» **PROBLEM**: Without any of the pictures, print every record below exactly.
Content starts
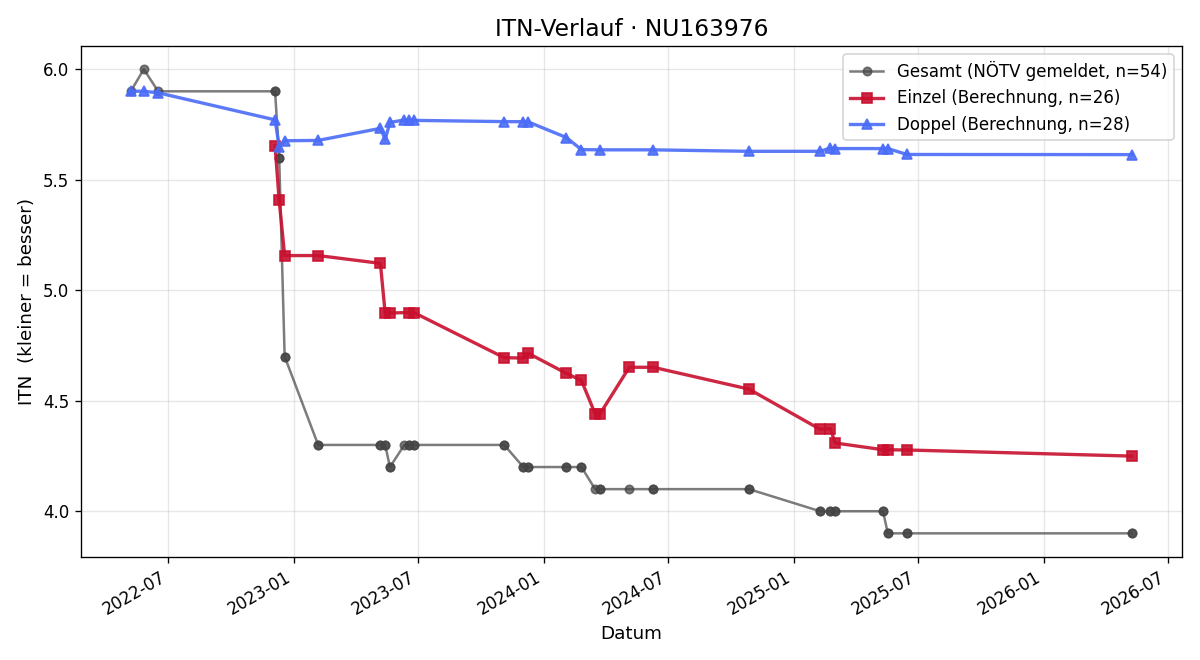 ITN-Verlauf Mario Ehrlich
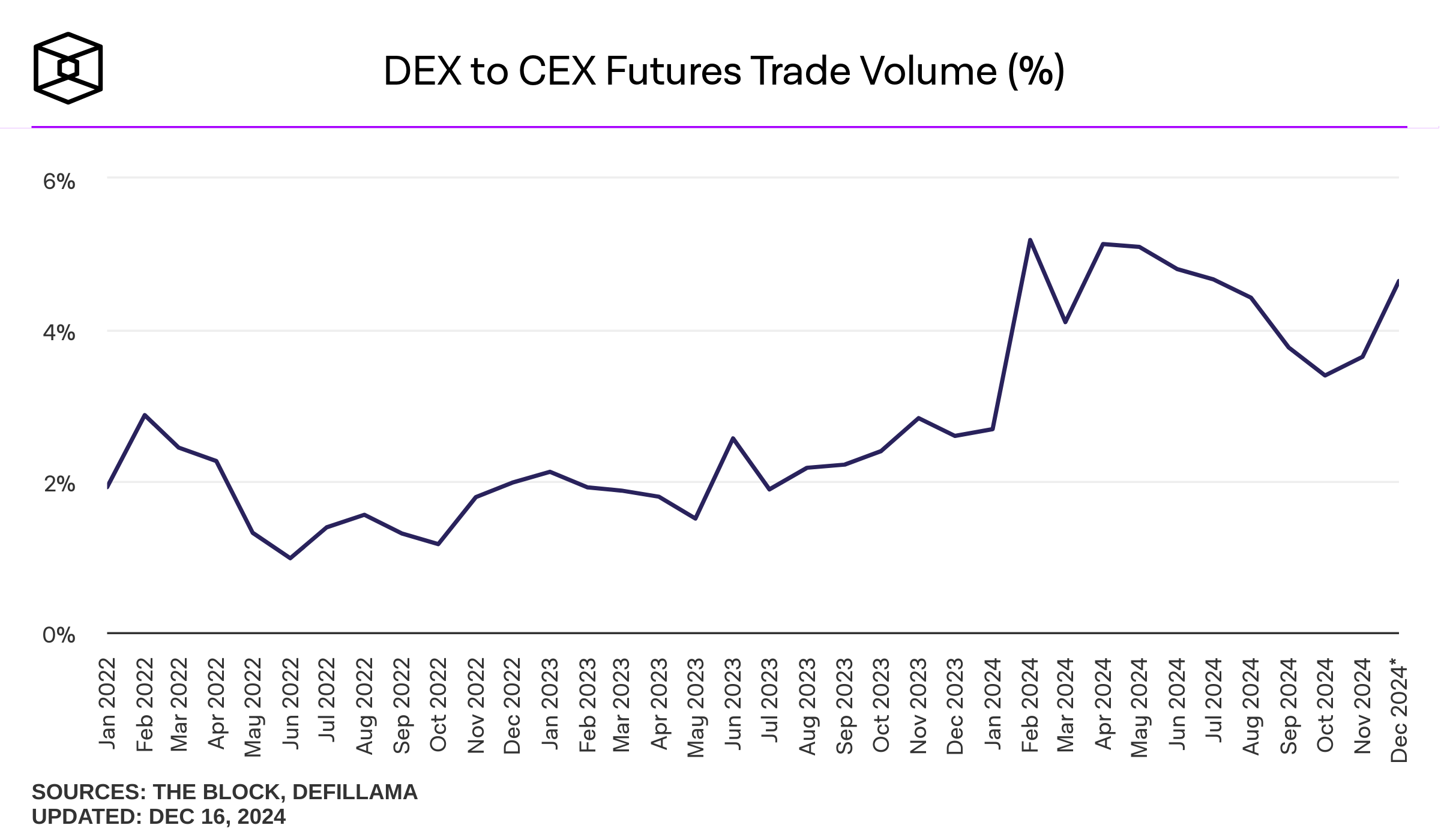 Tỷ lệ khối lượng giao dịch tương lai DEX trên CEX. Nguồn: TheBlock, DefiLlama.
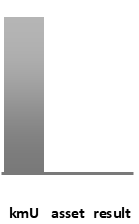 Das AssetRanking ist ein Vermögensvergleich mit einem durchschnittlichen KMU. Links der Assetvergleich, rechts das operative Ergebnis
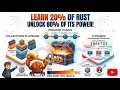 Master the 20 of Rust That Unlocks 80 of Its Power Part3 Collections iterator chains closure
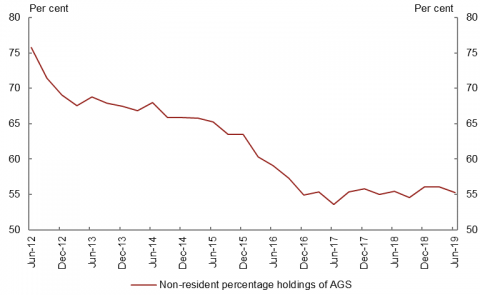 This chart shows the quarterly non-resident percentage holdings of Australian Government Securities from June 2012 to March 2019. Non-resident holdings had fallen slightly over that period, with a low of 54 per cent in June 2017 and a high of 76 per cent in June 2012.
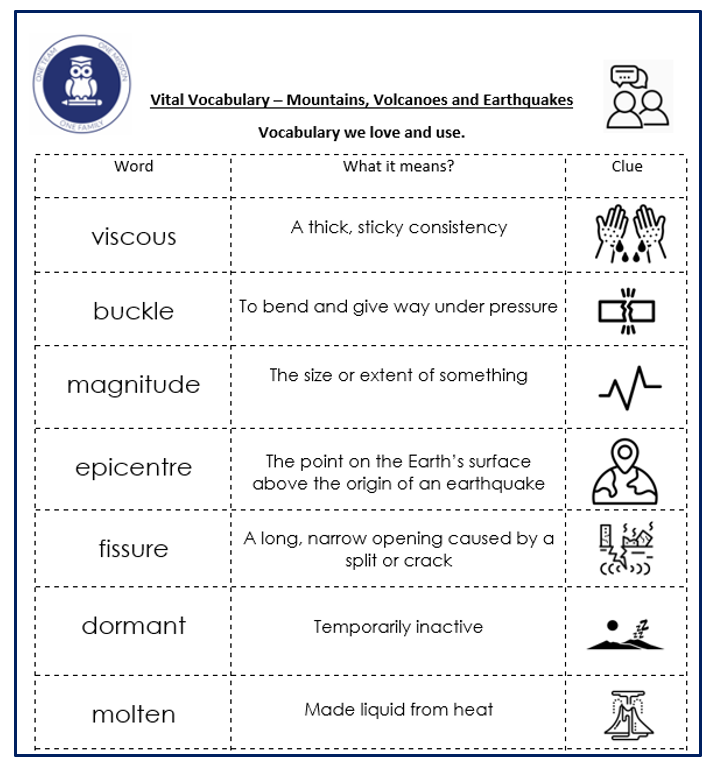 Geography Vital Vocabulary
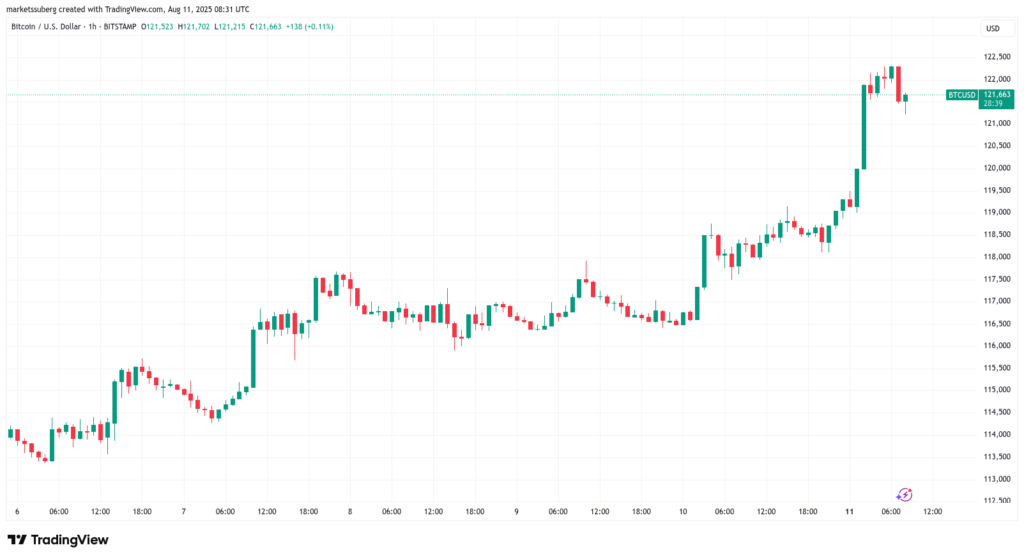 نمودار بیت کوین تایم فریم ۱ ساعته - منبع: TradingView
Content ends
» **THE COMPLETED TASK**:
 ITN-Verlauf Mario Ehrlich
 Tỷ lệ khối lượng giao dịch tương lai DEX trên CEX. Nguồn: TheBlock, DefiLlama.
 Das AssetRanking ist ein Vermögensvergleich mit einem durchschnittlichen KMU. Links der Assetvergleich, rechts das operative Ergebnis
 Master the 20 of Rust That Unlocks 80 of Its Power Part3 Collections iterator chains closure
 This chart shows the quarterly non-resident percentage holdings of Australian Government Securities from June 2012 to March 2019. Non-resident holdings had fallen slightly over that period, with a low of 54 per cent in June 2017 and a high of 76 per cent in June 2012.
 Geography Vital Vocabulary
 نمودار بیت کوین تایم فریم ۱ ساعته - منبع: TradingView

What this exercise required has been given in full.